An analysis has emerged indicating that billions of devices worldwide are exposed to hacking threats through Apple’s AirPlay and CarPlay wireless connectivity features.
Overseas security firm Oligo Security has stated that a security vulnerability, known as ‘AirBorne’, affects not only Apple devices but also numerous third-party devices (those equipped with AirPlay and CarPlay functions).
The problematic vulnerability is a ‘zero-click remote code execution’ method that allows hackers to access a device to implant malware or extract sensitive information, simply by being on the same Wi-Fi network as the user, without the user having to take any action. Malware can also automatically spread to other devices in the form of a ‘worm’.
The impact of the vulnerability is extensive. Not only iPhones, iPads, Macs, and Apple TVs, but also smart speakers, TVs, and in-car infotainment systems that support AirPlay are all targets. Oligo Security has warned that up to 2.35 billion Apple devices and numerous Internet of Things (IoT) devices could be at risk due to this.
Especially in-car systems with CarPlay functionality enabled may be vulnerable to hacking not only through Wi-Fi but also via Bluetooth and USB connections. In fact, over 800 vehicle models are exposed to such attacks, and it is possible for hackers to manipulate the vehicle’s infotainment system or eavesdrop on conversations among passengers.

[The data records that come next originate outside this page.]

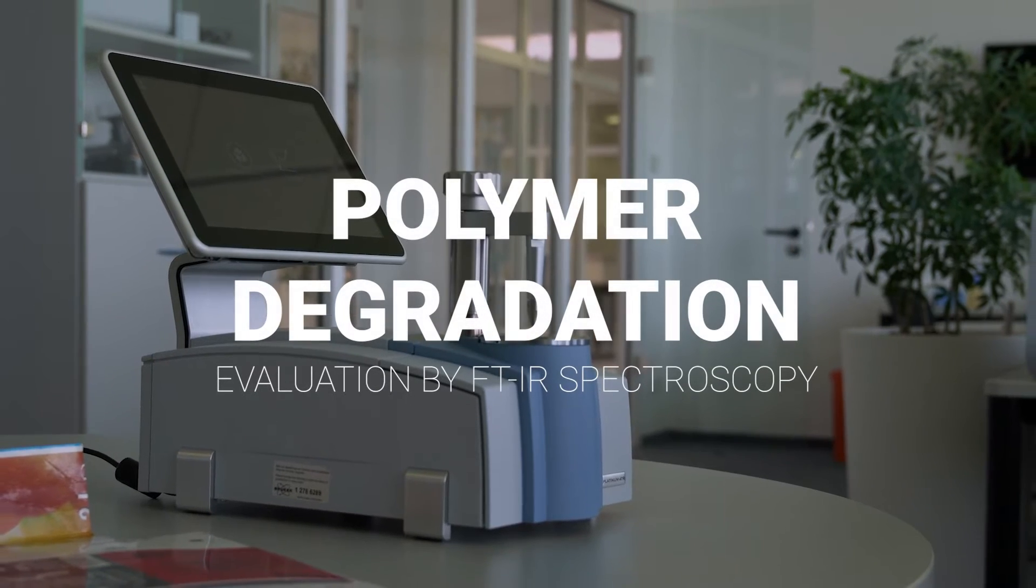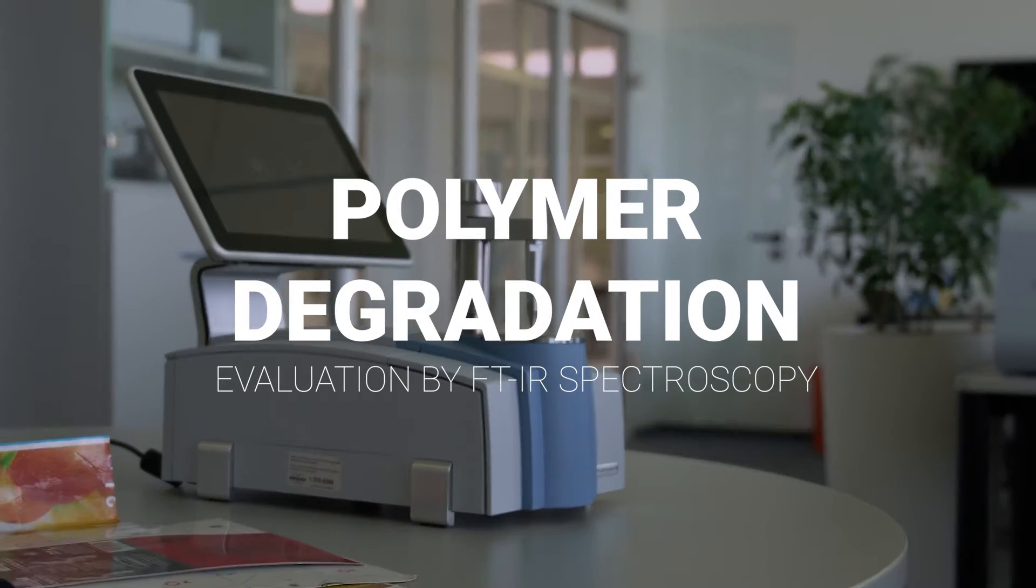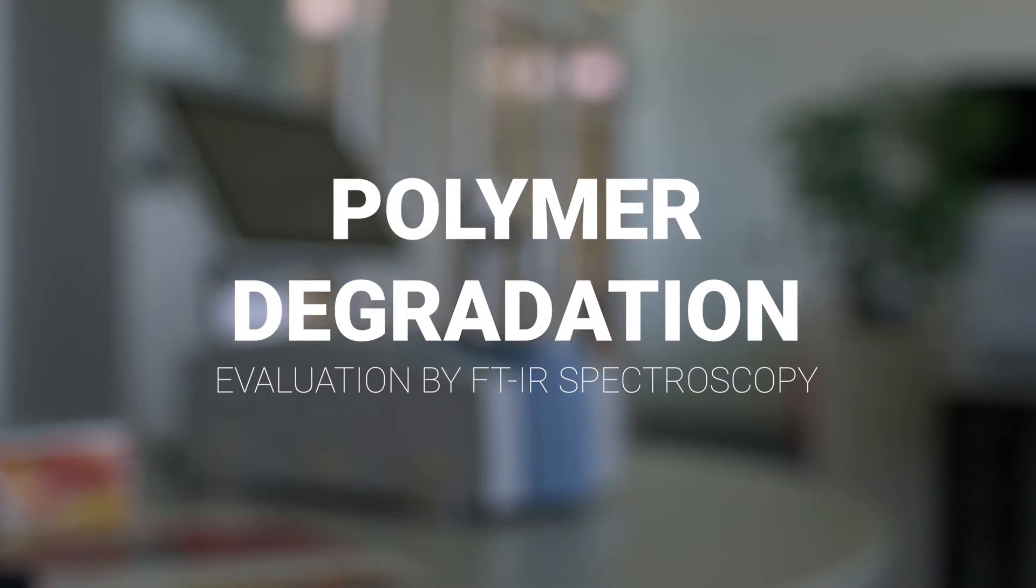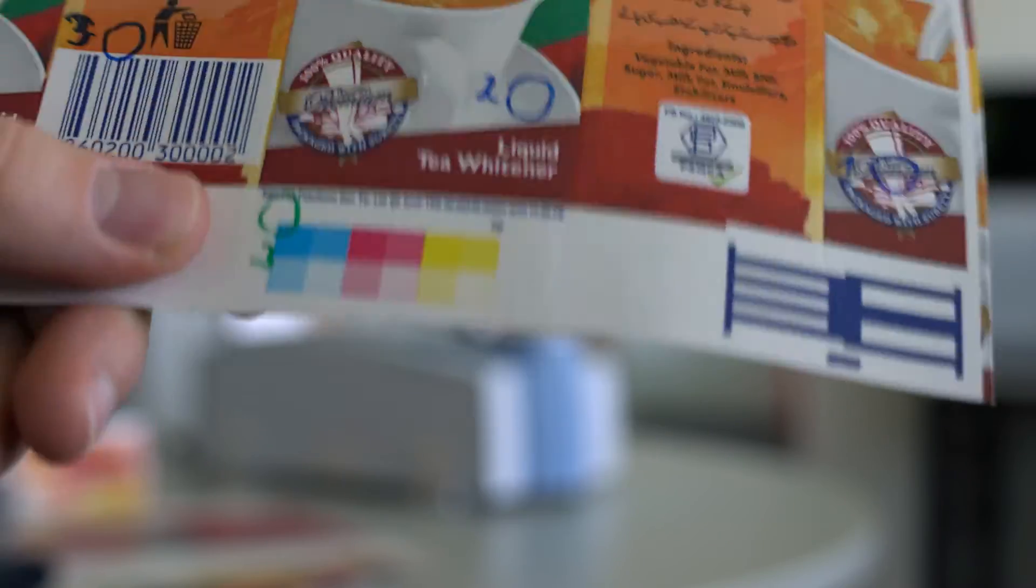Monitoring polymer degradation in food packaging by FTIR Spectroscopy. Food packaging like this milk carton undergoes several production steps.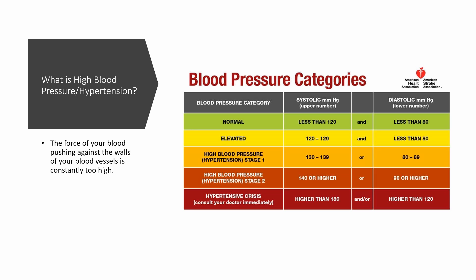For stage two of high blood pressure, your blood pressure is constantly greater than 140 for the systolic and greater than 90 for the diastolic. At this stage, you'll likely be on medications and lifestyle changes.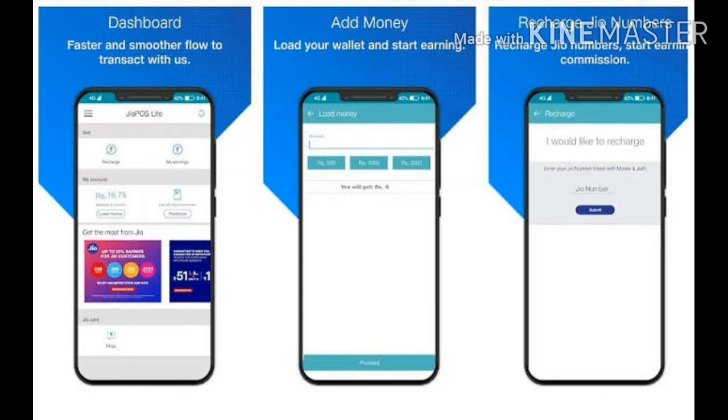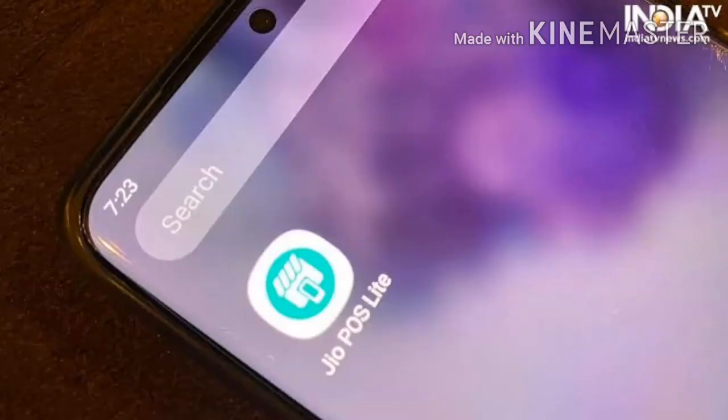If you use Linux, you can use the My Linux option. You can use the Jio app. If you install this app, you can use the comment section to ask questions.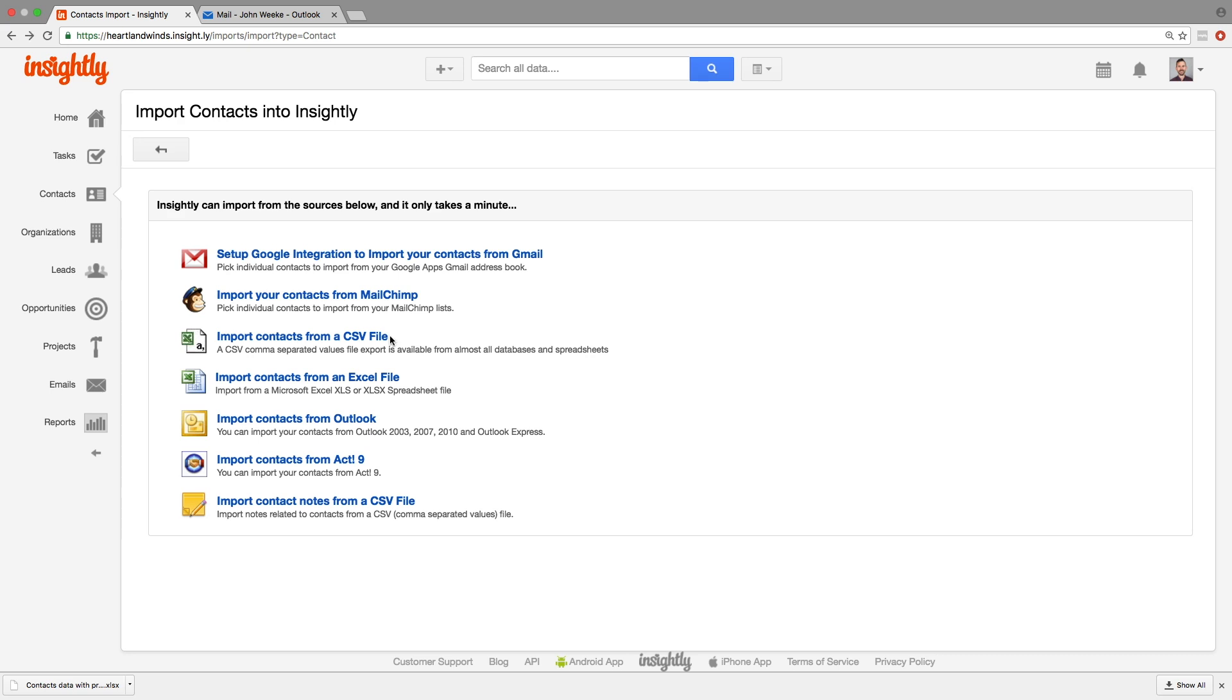Alright, so on this page we have a bunch of options, but we're going to recommend for anybody, no matter how big or small your set of importing data is, to use a CSV file. The reason why, Tony? Well, CSV is a bit of a simpler file format.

Public Wi-Fi environments, such as those in airports, hotels, and cafes, are the most dangerous attack routes. Hackers can infect vulnerable devices in these settings and use them as a launching point for additional attacks when the infected devices connect to home or corporate networks. Infected devices can threaten the entire smart home ecosystem, including smart speakers, TVs, surveillance cameras, and home hubs.
The routes for hacking are due to deficiencies in the AirPlay internal authentication design and flaws in network command processing methods. Attackers can exploit these to read local files, bypass access permissions, and intercept communication content through man-in-the-middle (MITM) attacks.
Security experts advise that keeping a device’s operating system up to date is the most fundamental defense measure. It is advisable to disable the AirPlay receiving function if not in use and limit connected devices to trusted sources. Wi-Fi passwords of routers should be set to be sufficiently strong, and public networks should be avoided if possible.
Furthermore, users of third-party smart devices should check whether manufacturers provide security updates and maintain up-to-date firmware. For vehicles equipped with CarPlay, it’s essential to check wireless connection security settings and the status of software updates.
While Apple has recently released security patches for its products, third-party devices that are not supported by updates or lack proper systems may remain vulnerable in the long term, requiring particular caution.